The Feynman Technique

Say you want to have a good understanding of a really hard concept in a discipline of your choice. There’s a chance that you may find the theory hard to comprehend as the crux of the matter is lost in translation aka with all the business jargon. The ability to understand and communicate these complex ideas in a simple way is what the Feynman technique addresses.

This method was developed by Richard Feynman when he was a student at Princeton. He kept a notebook of concepts and theories that he did not understand and spent time breaking down each process and understanding its parts individually, while looking for contradictory details in the theory. The technique essentially comprises of four parts as follows:

1. Pick the concept or theory you wish to learn

The first step in the Feynman technique is to identify what concept or theory you want to learn and list out everything that you know about the topic in a notebook. This could be any concept, under any discipline.

For instance, if you want to learn more about the game theory, your first step would be to write down all the existing (even limited) information that you have on the topic. Any new information about the theory from various other sources can be added to the notebook. For the game theory, you can start by writing down the definition of the concept and any information about the theory that you may have come across (for example prisoner’s dilemma…).

2. Teach or explain the concept in your own words to someone else

As you approach the second step in the Feynman technique, you would have gathered plenty of information on the subject (in this case game theory). Read through the information you have written down and try to understand the concept as best you can because this step involves teaching it to someone else.

But before you explain the concept, analyze the information in parts, this can also mean re-writing some of the information in your own words to have a better understanding. When explaining the concept, think of it as explaining to a child who has no background in what the concept is about. Hence, you need to use simple words (no jargon) and keep the information concise and to the point- children have a low attention span.

3. Identify any areas in your explanation that you can improve on

Now that you’ve explained the concept to someone else, it is likely that you will find a few areas in the theory that you can learn and improve on. So it’s back to the books to do additional research on certain concepts and breaking the data down further until you understand them completely. The goal is to make the information as simple as possible because that’s what the Feynman technique is all about.

4. Restructure the information and use examples as needed

The information you collected from various sources in the first step of the Feynman technique is essentially a puzzle that you need to solve.

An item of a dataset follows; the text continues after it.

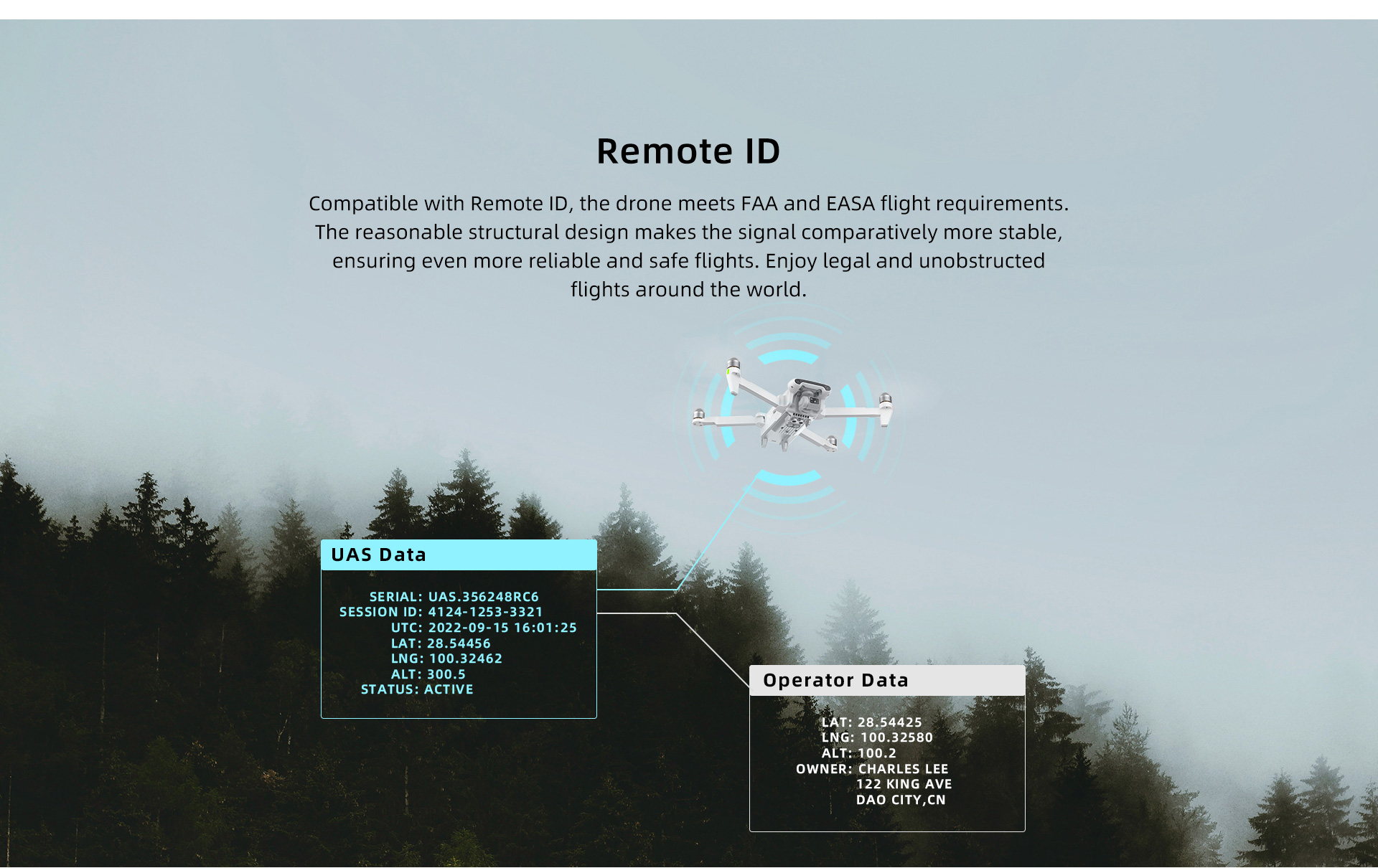 15km Transmission FIMI X8 Pro Drone with tri-directional Obstacle Sensing & megaphone of 100m sound projection range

Once you have identified the gaps in your information in step 3, your next move is to fill in these gaps to complete the puzzle. Think of your concept as a story and pretend that you are narrating it to a friend or co-worker.

When you say the information out loud, it can help identify the missing pieces and form new thought processes. Alternatively, you can use examples to simplify your learnings and add an element of creativity.

the feynman technique safal niveshak

(Image credits: Safal Niveshak)

Also read:

Conclusion

The Feynman technique aims to simplify complex learnings by breaking them down into smaller parts.

The technique can help you understand pretty much any concept or theory known to man and it helped Feynman amass large amounts of knowledge at a very young age. The trick is to break down any concept into a form so simple, that even a child would be able to comprehend the information. Albert Einstein famously said ‘if you can’t explain it simply, you don’t understand it well enough.’